On the other hand, I might want to distinguish here between the short term and the long term. In the short term, there's both logic in the idea that parties tend to grow more moderate the longer they are out of power and empirical evidence that it actually happens. Note that the biggest ideological outliers nominated in the last 60 years – Barry Goldwater, George McGovern and Ronald Reagan – were all selected by parties only four years removed from the White House. Parties in longer exiles, by contrast, have nominated relatively moderate figures such as Dwight Eisenhower, the 1968 version of Richard Nixon, Jimmy Carter, Bill Clinton, and the 2000 version of George W. Bush.
But does that seem likely of these Republicans? Many of us argue that there’s something really wrong with the current GOP. It’s not that it’s conservative; it’s that, well, to be blunt, it’s nuts. Or, to put it more gently, it’s that there are strong incentives for being dysfunctional, such as the profit motive for those who stand to make a lot of money from the party being out of office (when talk show ratings go up and wacky conspiracy theory books about Democratic presidents sell like hotcakes).
The result is a party more hospitable to, say, Sarah Palin than to Richard Lugar. And a party which takes presidential candidates such as Michele Bachmann, Newt Gingrich and Herman Cain at least somewhat seriously. That is, it's a party which frequently ignores reality and rejects the normal compromises of the U.S. political system. And every candidate the GOP nominates either shares in the crazy or is hostage to it – which is what we’ve seen from Mitt Romney throughout the campaign.

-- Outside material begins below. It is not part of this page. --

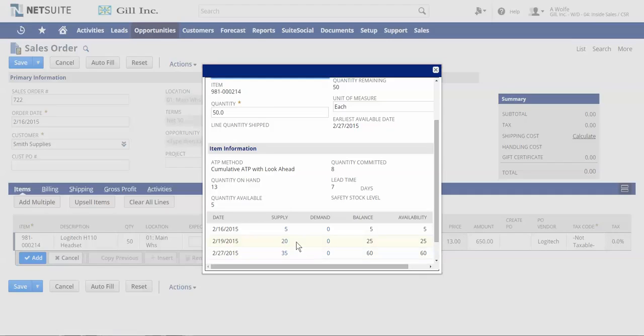The customer can now use this information to determine if they want to wait for the entire amount to be available, or if they want partial shipments sent, or the CSR can suggest a substitute item that can satisfy their 50 unit requirement today.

If all of that is true, then the question becomes how to fix it. It could happen, presumably, if party actors decide to reject it — or, at least, if enough do that they can win an internal struggle over it. But in my view, that scenario, while possible, is extremely unlikely.
Far more likely, I'd say, is a successful GOP president who considers it part of his or her job to bring the party back to reality by marginalizing the crazy – the obvious precedent would be Eisenhower (slowly, but eventually) helping to take down Joe McCarthy.
At which point, you might be saying: Catch-22. If the best bet is a president who will fight the crazy, but a president cannot be nominated without it, then how do you get from here to there? And, alas, I don’t really have an answer to that. Perhaps you get lucky and a president is elected within that system who manages to get popular enough in office to fight back against it. Perhaps two or three terms out of the White House gets GOP politicians desperate enough to seek out someone not beholden to those portions of the party and to fight hard to secure him or her the nomination. Perhaps another Ike comes along, although you could wait an awful long time for that.
Until that happens -- until something happens to remove or at least moderate the real problems within the GOP -- it's pretty likely, it seems to me, that whatever they do in the presidential nomination process, the winner is going to be essentially held hostage to the crazy. And not only is that going to be a disadvantage in the general election, but if he or she does manage to win – and the electoral effects of extremism are not large enough to prevent that in many cases – it’s going to be difficult for such a candidate to govern successfully. And there’s no obvious way to get out of it.